Integration with complex constant

Yes, this is true; but why this is true is bit more delicate question.

To keep it simple: one can define integrals of complex-valued functions along curves in the complex plane. The resulting integral-notion will be $\Bbb C$-linear (as one might expect) instead of only $\Bbb R$-linear (as the usual, say, Riemann-integral is). However, this more general integral notion still includes the usual one as special case and hence the more general linearity follows at once.

(Note: Usually, complex integrals are defined as line integrals and not as general expressions involving an integral sign.
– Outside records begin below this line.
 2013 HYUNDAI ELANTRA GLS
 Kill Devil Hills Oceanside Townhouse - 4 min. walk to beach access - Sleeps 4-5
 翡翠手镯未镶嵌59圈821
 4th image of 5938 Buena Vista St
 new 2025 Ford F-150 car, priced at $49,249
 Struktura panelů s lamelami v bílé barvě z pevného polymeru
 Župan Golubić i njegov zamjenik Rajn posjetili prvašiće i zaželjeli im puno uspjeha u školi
But, intuitevely, I do not think this should matter here.)


I agree with the answer given by mrtaurho.

I just want to add that $\mathbb{C}$-linearity still holds if you are interested in finding an antiderivative of a given complex valued function, which seems to be your case to me.

This is quite obvious if you think about it: you can picture $\mathbb{C}$ simply as $\mathbb{R}^2$ endowed with a product operation that gives it a field structure. Then, functions $\mathbb{C}\rightarrow\mathbb{C}$ are just functions $\mathbb{R}^2\rightarrow\mathbb{R}^2$, and you have just traced back your problem to real numbers.

However, the problem of finding an antiderivative in several variables is not as straightforward as in one variable, and it is better understood in terms of closed and exact differential forms.

But to keep it simple and short: yes, complex constants behave in the exact same way.